◆ **YOUR ASSIGNMENT**: Repeat the data in full. Drop every picture.

◆ **AVAILABLE DATA**:
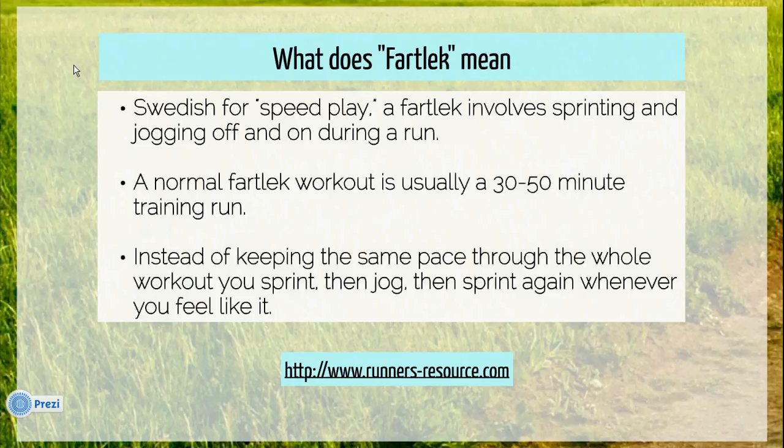Generally a fartlek is 30 minutes to 50 minutes, even an hour. And throughout the run the runner will vary his or her pace.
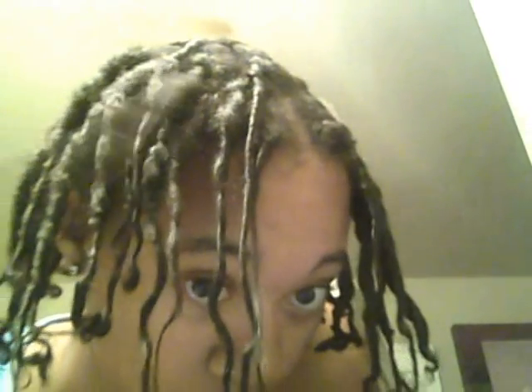My name is Logan and these are my starter dreads. I don't absolutely hate the way they look, but I don't absolutely love them either. A few concerns I always have, like part of my hair unraveling — it's never the whole twist, just part of it, and I'm not sure that's normal. I've only had them for about a week.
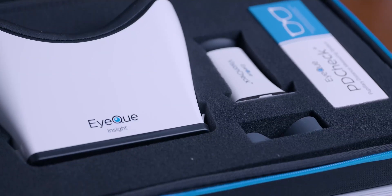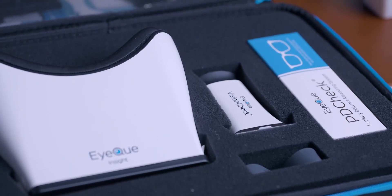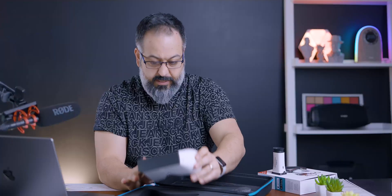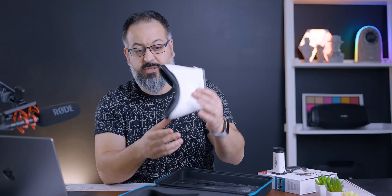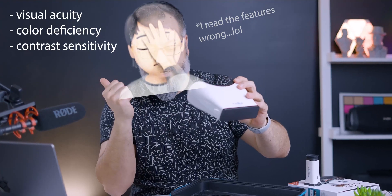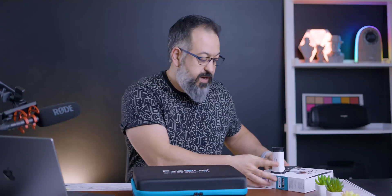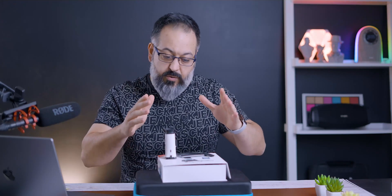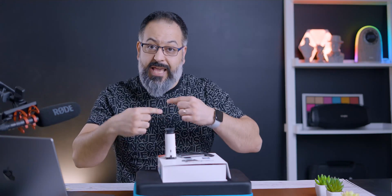You still get your Vision Check, your strap, your white frame for the PD check, and the additional device for the larger kit. Both devices, regardless of which one you get, come with a unique serial number that you have to use to activate the device. The good news is you can use it as many times as you want, so one device can serve your entire household — but each person needs to download the app.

◆ **RESULT FOR THIS TASK**:
Generally a fartlek is 30 minutes to 50 minutes, even an hour. And throughout the run the runner will vary his or her pace.
My name is Logan and these are my starter dreads. I don't absolutely hate the way they look, but I don't absolutely love them either. A few concerns I always have, like part of my hair unraveling — it's never the whole twist, just part of it, and I'm not sure that's normal. I've only had them for about a week.
You still get your Vision Check, your strap, your white frame for the PD check, and the additional device for the larger kit. Both devices, regardless of which one you get, come with a unique serial number that you have to use to activate the device. The good news is you can use it as many times as you want, so one device can serve your entire household — but each person needs to download the app.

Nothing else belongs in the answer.